Now that Chief....rigid framed right? Springer front? well Ray, I am a softie,and there aint no way I am riding a rigid framed bike. Hell, I hit some pot holes on my V Rod that will jar your teeth what would it be like on an oldie with a big cush seat and no rear shocks? Another point to ponder here....do you have a back seater? I do and she likes her tush pampered.
883 Sportsters.......yea.they were some bad in 1968 now they dont get out of their own way............ What would the think of my 115 hp V Rod back then?
Johnny Gofaster ( if the dotted lines in the road are still dots, you aint going fast enough)
Wicked Decent Woodworks
(oldest woodworking shop in NH)
Rochester NH
" If the women dont find you handsome, they should at least find you handy........yessa!"
Edited 10/26/2005 12:17 pm ET by cherryjohn
Cherryjohn
I ride a 1978 honda XL 250. It's the kind of bike that your dog rips the seat all up, stupid teenagers steal and drive the crap out of it, and it sits out in the rain. When you want to ride it 4-5 kicks and it is going. Oil change, what is that? It doesn't seem to use any gas and keeps on going. If you happen to wipe out, the levers are already pre bent to take the fall. Its a pretty cool machine.
Happy Riding.
Derek
John,
Rigid rear, (Indian came out with rear suspension in '41, when did H-D have it? ;) and leaf spring front. The seat has about 7" of travel, enough to soak up most of the bumps. It is a whole 'nother trip I grant you that; that's why I like it. Plus on a vintage machine, I'm going slow enough to enjoy the scenery and dodge the potholes. Diff'rent strokes. Wifie doesn't like to ride, so I do most of her tush pampering indoors:-0))
Back to your defense of dowels, I've seen many more dowels sheared off than I have tenons. Probably 50% of the dowelled furniture I work on involves at least one sheared dowel, especially in the seat rail-to-rear leg joints of chairs. You put your finger on the main justification for using a dowel joint when you referred to cost effectiveness. Didn't Ruskin say something to the effect that there is nothing that some man cannot make a little more poorly and sell a little more cheaply, and those that consider price alone, are that man's lawful prey? It could be said that working to a price argues against the finest of workmanship, but I won't say it, I quote estimates for all my new work, and most repairs!
Ride safely,
Ray
Duo Glide...50's........... and you seem to forget the wax on wax off priciple applies to throttles too. I can go real slow..............or........see ya!Wicked Decent Woodworks
(oldest woodworking shop in NH)
Rochester NH
" If the women dont find you handsome, they should at least find you handy........yessa!"
Ok guys, help me out here. My wife won't let me have a bike, but someday, after being subjected to enough episodes of American Chopper, I still hope she'll come around. My question is, what is the difference between a flathead and a panhead?

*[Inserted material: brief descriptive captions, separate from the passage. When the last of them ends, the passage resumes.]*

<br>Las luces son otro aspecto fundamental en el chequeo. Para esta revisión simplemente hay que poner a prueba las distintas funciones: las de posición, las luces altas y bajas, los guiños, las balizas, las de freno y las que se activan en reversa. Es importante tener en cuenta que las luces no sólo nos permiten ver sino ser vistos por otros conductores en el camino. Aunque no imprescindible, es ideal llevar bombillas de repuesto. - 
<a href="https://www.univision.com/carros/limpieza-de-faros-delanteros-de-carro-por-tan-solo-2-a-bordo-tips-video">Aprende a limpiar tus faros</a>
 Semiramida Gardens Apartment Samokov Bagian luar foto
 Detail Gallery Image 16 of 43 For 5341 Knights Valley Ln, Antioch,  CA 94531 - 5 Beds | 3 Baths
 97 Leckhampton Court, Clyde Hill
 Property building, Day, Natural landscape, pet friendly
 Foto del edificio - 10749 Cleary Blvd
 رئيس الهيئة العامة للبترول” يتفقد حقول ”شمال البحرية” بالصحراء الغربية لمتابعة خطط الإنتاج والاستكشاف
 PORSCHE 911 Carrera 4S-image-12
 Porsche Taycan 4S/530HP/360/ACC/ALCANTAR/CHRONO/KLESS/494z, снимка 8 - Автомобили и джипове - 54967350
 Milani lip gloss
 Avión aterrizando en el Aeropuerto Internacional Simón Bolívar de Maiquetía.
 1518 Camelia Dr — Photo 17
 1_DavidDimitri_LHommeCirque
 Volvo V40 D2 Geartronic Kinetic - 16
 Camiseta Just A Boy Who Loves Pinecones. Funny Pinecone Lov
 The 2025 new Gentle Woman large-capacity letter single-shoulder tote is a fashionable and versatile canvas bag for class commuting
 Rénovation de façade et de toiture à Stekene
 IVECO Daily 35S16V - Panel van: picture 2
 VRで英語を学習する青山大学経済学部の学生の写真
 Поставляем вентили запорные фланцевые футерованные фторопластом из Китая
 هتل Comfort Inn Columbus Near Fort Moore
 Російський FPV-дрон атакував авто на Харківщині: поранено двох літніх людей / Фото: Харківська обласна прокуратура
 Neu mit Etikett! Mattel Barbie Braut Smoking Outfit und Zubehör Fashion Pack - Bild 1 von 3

I'm guessing it's overhead valves versus not, correct?
BTW, I think kitchen cabinets will last 20 years tops, and you can use dowels and biscuits and pocket screws in them, but a piece meant to last 400 years must be made with better joinery.
Steve
My wife won't let me have a bike, but
Hmmmmmmmmm you actually listen to her? How old are you? what did she say" oh those things are dangerous and you'll be cruising to Shutoff City if you try to get one"...well so is driving a car. Living ,in general, is death defying in places like Washington DC. Stand your ground! Be the Master of your Domain! Dont let her push you around. Shutoff City is a nice place to be if you have a bike..babes love Bikes! Now that said, call me and we can work out a deal for some of those tools you'll have to sell to pay for the divorce lawyer.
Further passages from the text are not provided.